It has been over 50 years since effective contraception was invented. The invention of hormonal contraception brought widespread benefits to women (and men) such as the opportunity for women to control their childbearing, an increase in women pursuing further education and entering the labour market, and an increase in women’s general sense of self-determination. This development became transformational to women, changing the course of society forever. However, fast forward to today, for all the benefits of hormonal contraceptives, many women describe an array of side effects that lead them often to abandon these contraceptives altogether. Coupled with the rise in the promotion of ‘natural’ living, a huge market has opened for ‘alternative’ methods of contraception such as the new contraceptive app Natural Cycles. For sexual health awareness week, the Gryphon explores the benefits and potential downfalls of alternative methods of contraception.
A Danish 2016 study which investigated whether hormonal contraceptives were associated with depression, found that hormonal contraceptives caused an ‘increased risk’ in depressive symptoms, especially amongst adolescents. Women frequently report numerous side effects of hormonal contraceptives such as spotting (or intermenstrual bleeding), nausea, acne, weight gain, severe mood swings and decreased sex drive.

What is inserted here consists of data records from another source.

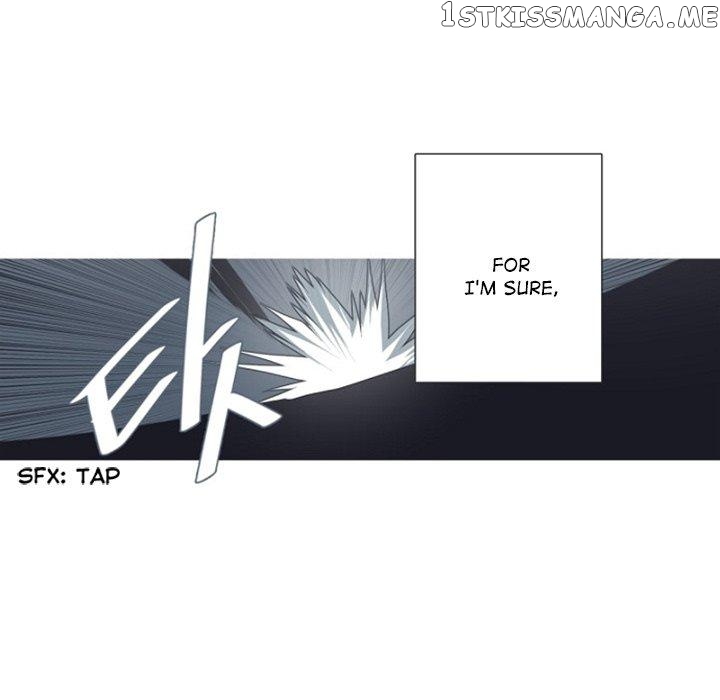 Anz – Manhwa chapter 69 - page 45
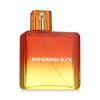 Mandarina Duck Vida Loca Apă de toaletă pentru femei 100 ml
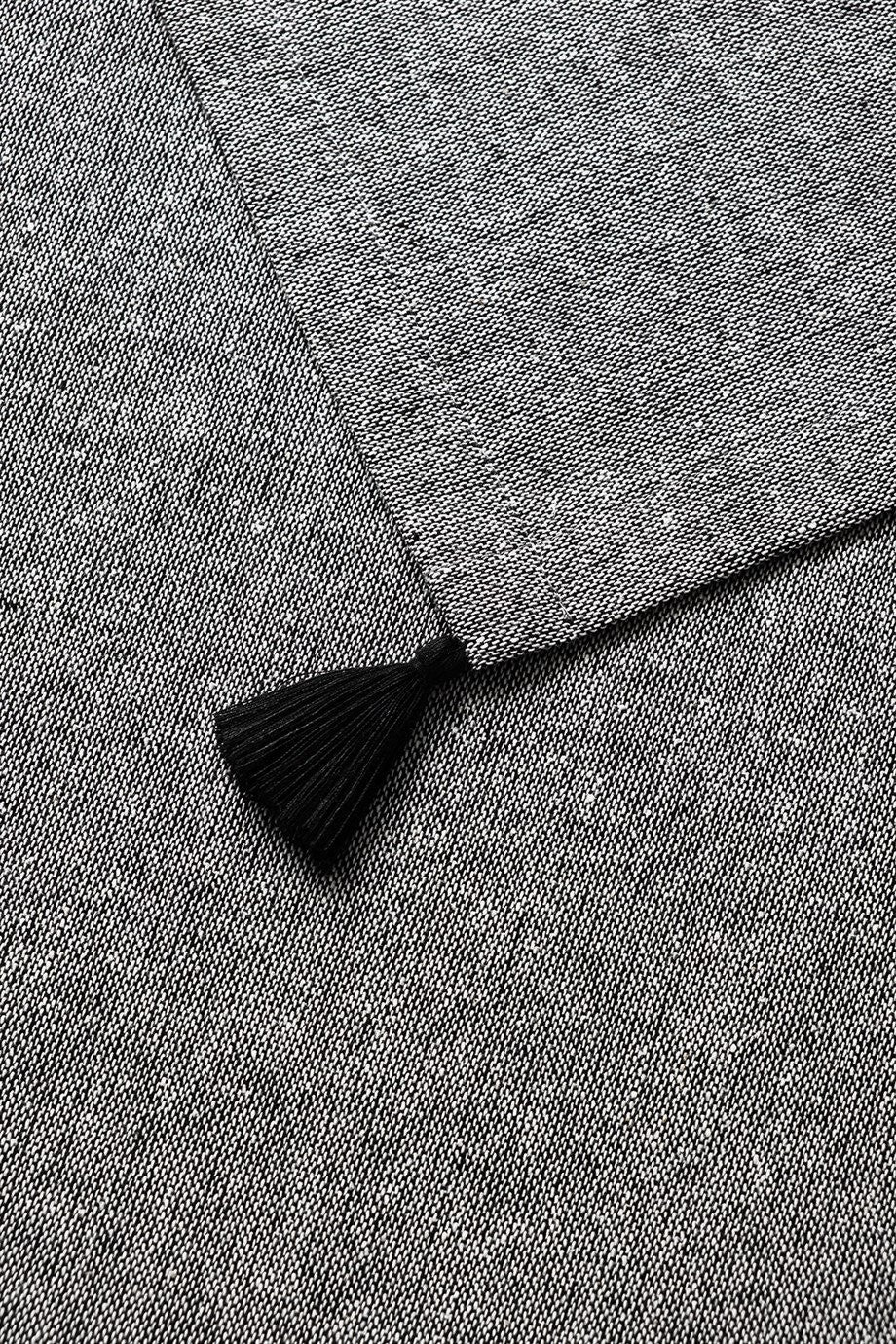 Denizli Concept-Selendi̇ Masa Örtüsü-Masa Örtüleri-7-Milagron.com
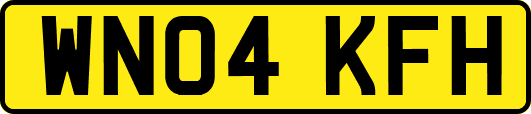 WN04KFH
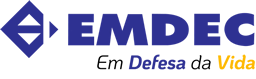 emdec-min Emdec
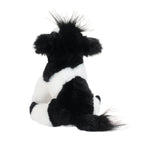 Elsie Black & White Cow Soft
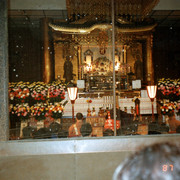 Photo Album 1 00000022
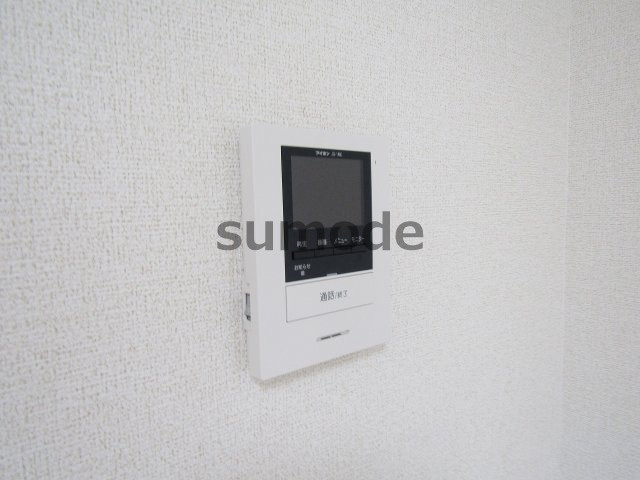 ラパンノアールのその他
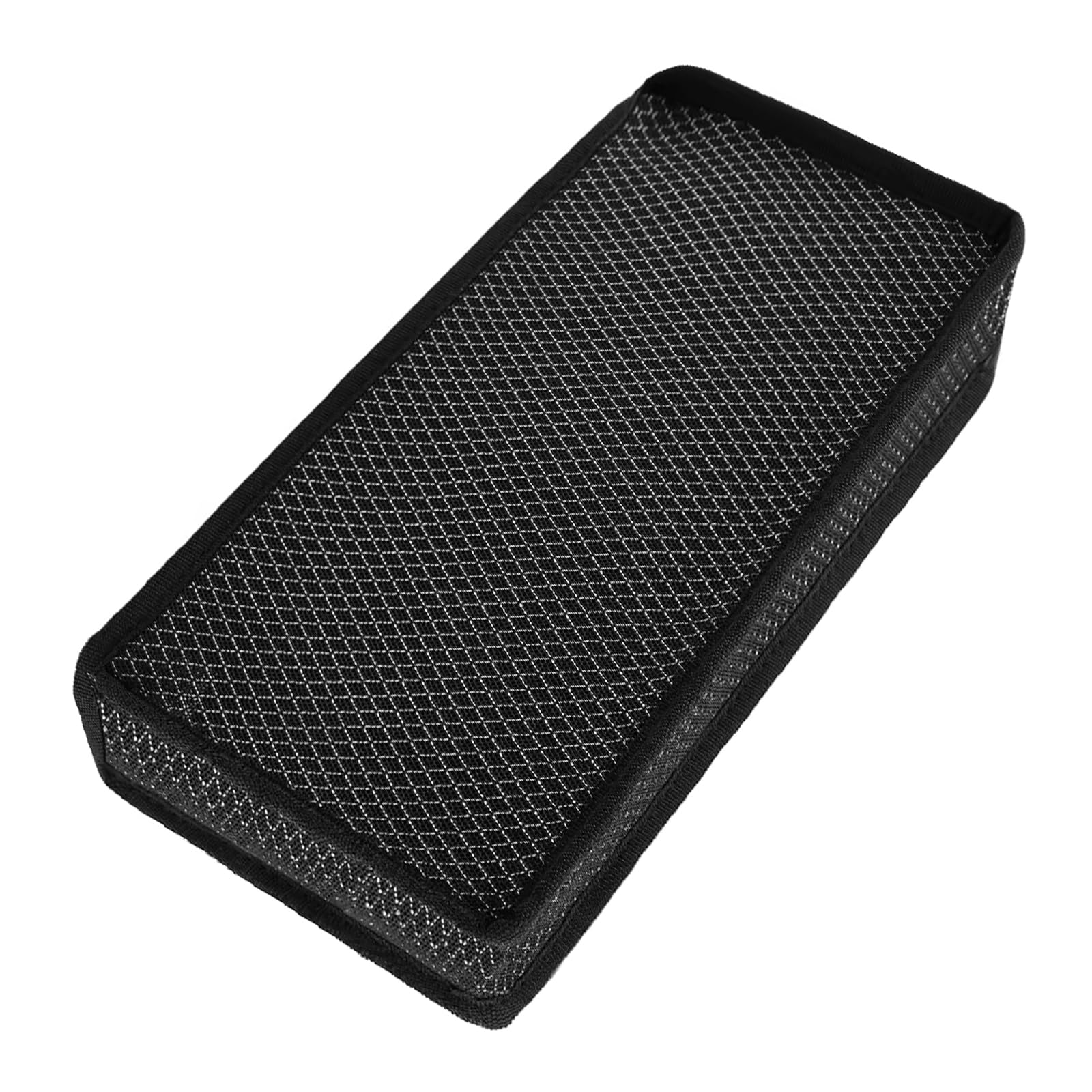 Heat Dissipating Cover for NS2 Dustproof Protective Game Console Scratchproof Sleeve Guard Protector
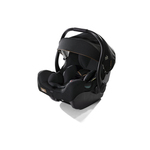 Joie autosjedalica I-JEMINI 0-13 kg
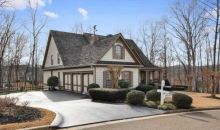 174 Scarlet Oak Ln Dawsonville, GA 30534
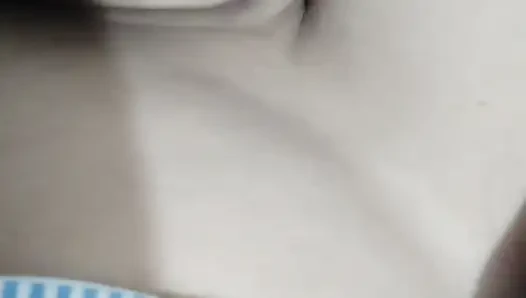 Bhabhi kirane wale se chudi story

All these effects can affect a woman’s self-esteem, reducing the desire to engage in sexual activity, defeating the purpose of having the contraceptive in the first place. But, hormonal contraceptives are still the most popular forms of contraception for women, with two-thirds of women aged 20–24 using them – many finding them to be effective, with minimal side effects.
However, for the women that do experience side effects or may be concerned about side effects, increasingly alternative methods of contraception are becoming available. Although non-hormonal contraceptions have existed for a long time – the copper coil, condoms and the diaphragm – developments in technology have led to the creation of contraceptives that claim to work by utilising algorithms. According to their website, Natural Cycles use an ‘algorithm [that] analyses the temperature measurements [that] you enter into the app to detect ovulation, thereby identifying green days when no protection is needed, or red days, when you should use condoms or abstain from sex to prevent a pregnancy’. They state that you should ‘measure your temperature first thing in the morning before you get up and out of bed. This reading is an indirect measure of the hormone levels in your body and increases just after ovulation.’
Natural cycles claim to be 93% effective (under typical use, but 99% with perfect use), but they emphasise that the app is only suitable for women who ‘have a lifestyle that enables them to take their temperature first thing most mornings’ and that it requires ‘a level of commitment’. Realistically, taking your temperature every morning will not be much more hassle than taking a contraceptive pill every morning. Therefore, this app may be a blessing for women that would like a contraceptive method free-from physical side effects or intrusive implantation methods. However, it is important to emphasise that this doesn’t protect against STIs.
However, the recent negative press has put the effectiveness of Natural Cycles under scrutiny. The Advertising Standards Agency (ASA) recently banned a Natural Cycles Facebook ad that claimed that the contraceptive method was ‘highly accurate’. The ASA considered the ad misleading and an exaggeration of the app’s effectiveness. In addition, according to the Guardian, ‘the app was referred to Swedish authorities after 37 of 668 abortions sought at one hospital in Stockholm were for women who had been using the app as a method of contraception.’. However, despite these pitfalls, under typical use, the app still has a higher effectiveness at 93% against 91% for the pill and 82% for condoms. Therefore, it is for women to weigh up the advantages and disadvantages and make their own decisions about their contraceptive methods.
In any event, it is clear that this technology is here to stay, and with all its teething problems, the future of contraception will likely be technological in some form.